Search code examples
apache-flink

How do we understand the Word-Count sample of Apache Flink


I'm just learning Apache Flink and here is the Word Count sample: https://ci.apache.org/projects/flink/flink-docs-stable/getting-started/tutorials/local_setup.html

I works but I have something that can't understand clearly.

Flink have three parts: JobManager, TaskManager and JobClient.

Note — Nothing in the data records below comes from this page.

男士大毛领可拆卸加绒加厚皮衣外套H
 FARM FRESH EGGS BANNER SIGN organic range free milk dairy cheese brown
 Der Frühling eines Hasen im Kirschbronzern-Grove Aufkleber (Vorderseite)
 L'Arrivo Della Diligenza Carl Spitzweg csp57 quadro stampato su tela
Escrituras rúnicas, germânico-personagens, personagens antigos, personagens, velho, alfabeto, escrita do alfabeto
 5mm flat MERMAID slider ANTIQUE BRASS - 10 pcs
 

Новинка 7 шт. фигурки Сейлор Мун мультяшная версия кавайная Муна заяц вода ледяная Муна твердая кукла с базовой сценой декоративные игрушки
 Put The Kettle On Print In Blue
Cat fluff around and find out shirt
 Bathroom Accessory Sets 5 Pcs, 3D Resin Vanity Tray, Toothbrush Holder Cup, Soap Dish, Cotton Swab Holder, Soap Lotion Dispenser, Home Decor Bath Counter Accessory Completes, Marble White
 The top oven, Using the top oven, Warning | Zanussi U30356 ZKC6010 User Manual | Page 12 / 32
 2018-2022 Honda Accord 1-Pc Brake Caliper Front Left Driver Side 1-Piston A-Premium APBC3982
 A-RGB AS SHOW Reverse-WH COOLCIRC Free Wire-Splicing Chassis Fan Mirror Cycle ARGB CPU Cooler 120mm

As my understanding, the java code of the class SocketWindowWordCount should be a part of JobClient, this class should send what it asks to do to the JobClient then the JobClient can send the tasks to the JobManager.

Am I right?

If I'm right, I don't know which part of code in the file SocketWindowWordCount.java is responsible to send what it asks to do to the JobClient.

Is listening on the port also a part of the task which will be sent to the JobManager then to TaskManager?

// get input data by connecting to the socket
DataStream<String> text = env.socketTextStream("localhost", port, "\n");

// parse the data, group it, window it, and aggregate the counts
DataStream<WordWithCount> windowCounts = text
    .flatMap(new FlatMapFunction<String, WordWithCount>() {
        @Override
        public void flatMap(String value, Collector<WordWithCount> out) {
            for (String word : value.split("\\s")) {
                out.collect(new WordWithCount(word, 1L));
            }
        }
    })
    .keyBy("word")
    .timeWindow(Time.seconds(5), Time.seconds(1))
    .reduce(new ReduceFunction<WordWithCount>() {
        @Override
        public WordWithCount reduce(WordWithCount a, WordWithCount b) {
            return new WordWithCount(a.word, a.count + b.count);
        }
    });

// print the results with a single thread, rather than in parallel
windowCounts.print().setParallelism(1);

Is all of the codes above a part of the task?

In a word, I kind of understand the architecture of Flink but I want to know more details about how the JobClient works.


Solution

  • Your program itself is the JobClient from the architectural point of view. In particular, you have dependencies on the JobClient that are used when you execute the DataStream.

    All of your code is the task definition that gets serialized and sent to the JobManager, which distributes it to the TaskManager.

    You left out the "most" important part of the program

    env.execute("Socket Window WordCount");

    That is actually triggering the JobClient to package the DataStream program and send it to the configured JobManager.